Continuing down into the basement, we fought more guards as well as several groups of carrion crawlers (which can paralyze) in the old jail cells. At the north end of the cellars, I found a fighter giving a speech to his troops, and it ominously ended with, "Even if we don't hold Llorkh, the plan to divide--." So apparently the Zhents have a bigger plan.

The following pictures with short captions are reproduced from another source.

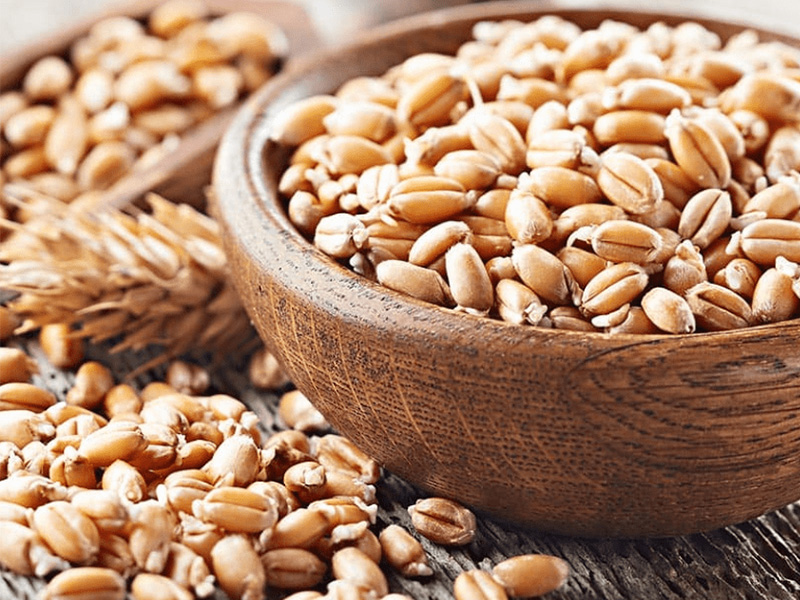 Spermidine from Wheat Germ Extract; GLUTEN FREE; GMO FREE; VEGAN.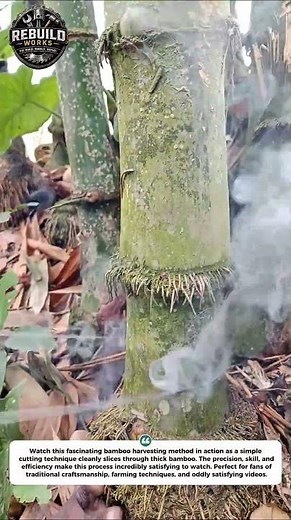 Amazing Bamboo Cutting Technique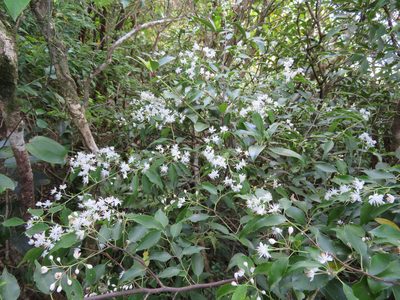Symplocos myrtacea, photographed by Marco Mussita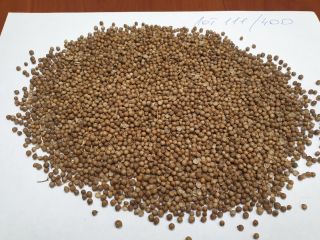 LLC "Smolensk Agro Export" exporta semillas de cilantro, origen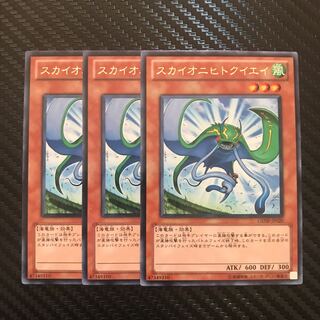 スカイオニヒトクイエイ R 1枚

Next, we came to a room where a beautiful blonde fighter was fighting with a "beautiful" brunette sorceress. At least, that's how the game describes her.
          
You decide.
        
They got into a brawl, and during the tussle, the sorceress changed her appearance to match the fighter, both then shouting that she was the "real" blonde. I had various options at this point, and it turned out that casting "Dispel" allowed me to separate them again. It feels like the paladin's innate "Detect Evil" abilities should have helped here, but I didn't have that option. Maybe he didn't have that ability in the first edition of AD&D rules.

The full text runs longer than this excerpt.